Well, not because there isn’t something always happening with D, but because I didn’t want what I was going to say to come across the wrong way and I wasn’t exactly sure how to say it.
I pretty much ALWAYS have a thought about D or something to say..
Yesterday – I was feeling disappointed.
Honestly, VERY disappointed and hurt..
Eden has been diagnosed with Type 1 Diabetes for just over 4 years now..
We have been living with the worry, fear and anguish of this disease for FOUR YEARS
We have ONLY fundraised ONCE in those 4 years to try to raise $$ for a cure. When we did it was only 6 months after diagnosis and we managed to raise over $7000 !!!!

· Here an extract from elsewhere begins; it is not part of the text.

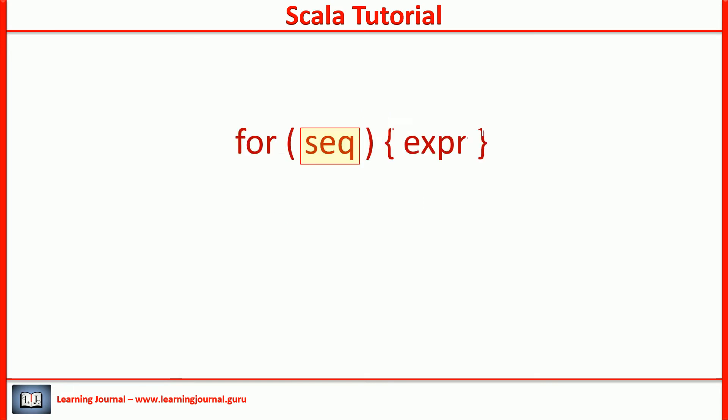But this one here, the SEQ, sequence, this guy is somewhat complicated. It keeps confusing a lot of people. We will start with the simplest form and then expand it step by step.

WAY MORE than we ever anticipated and at the time we were overwhelmed with love and support and we had just moved to CA..
4 years later ..
there is still NO CURE
Eden STILL HAS TYPE 1 DIABETES
And we have BARELY raised $1000 …
- Is it because she isn’t as young so it seems to be not as sad and unfair?

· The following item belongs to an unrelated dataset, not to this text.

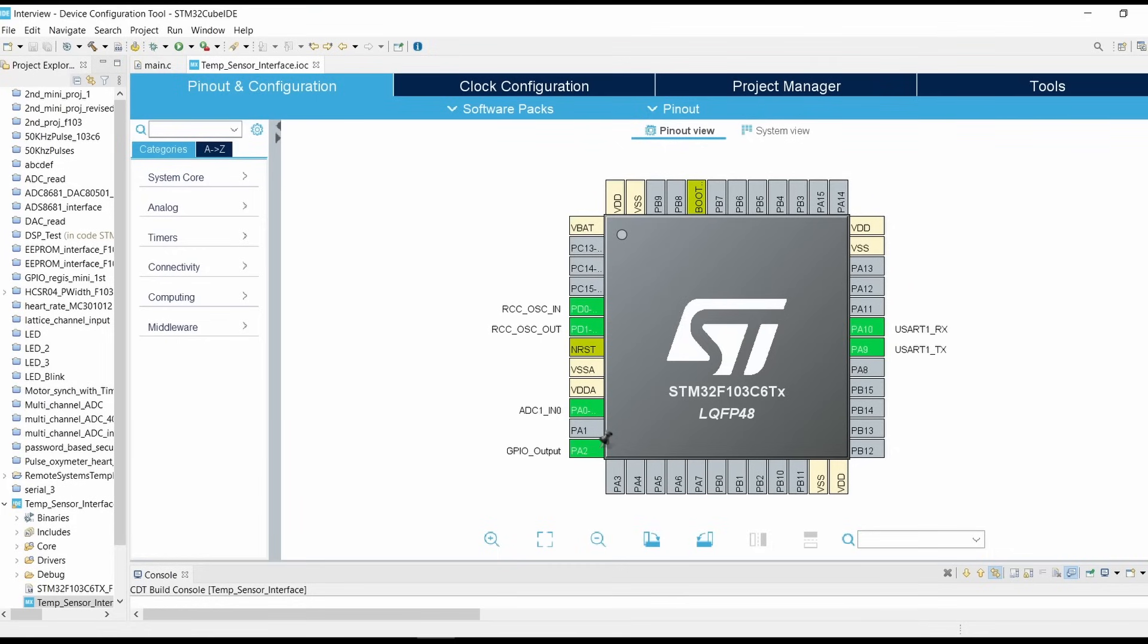Hello friends, welcome back to STM tutorials. Myself Ajinkya and we are here to learn more about embedded systems. In this video we will learn how to interface the temperature sensor with STM32F103 controller. So let's begin.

- Is it because I have started sharing our lives and so people have become numb to it?
- Is it because people feel like DIABETES doesn’t matter??
- Is it because Eden looks too healthy so it can’t be THAT bad?
- Do I need to post the sad pictures of her when dealing with a LOW or getting jabbed with needles?
I don’t KNOW the answer…
For 4 years we have decided NOT to do the JDRF Walk to Cure Diabetes.
More of a subconscious decision on my part –
A HUGE reason was because I didn’t think that I would be able to handle the emotional side of seeing SO MANY Type 1 kids and families in one place.
SO MANY families dealing with the daily struggles that we face because we lived in our own little D bubble… hiding a lot of the emotions and fear that we were living with daily.
I am finally breaking out of that D bubble –
speaking up for the world to hear –
and am probably going to cry and cry and cry when I see all of those faces at the Walk..
But I am putting my feelings and emotions aside and doing it..
BECAUSE WE NEED A CURE for this disease.
For the parents, for the families, for the kids and for the entire T1D Community.
I had such a grand vision of the big group of people we would have walking with us – standing in our corner and showing us support..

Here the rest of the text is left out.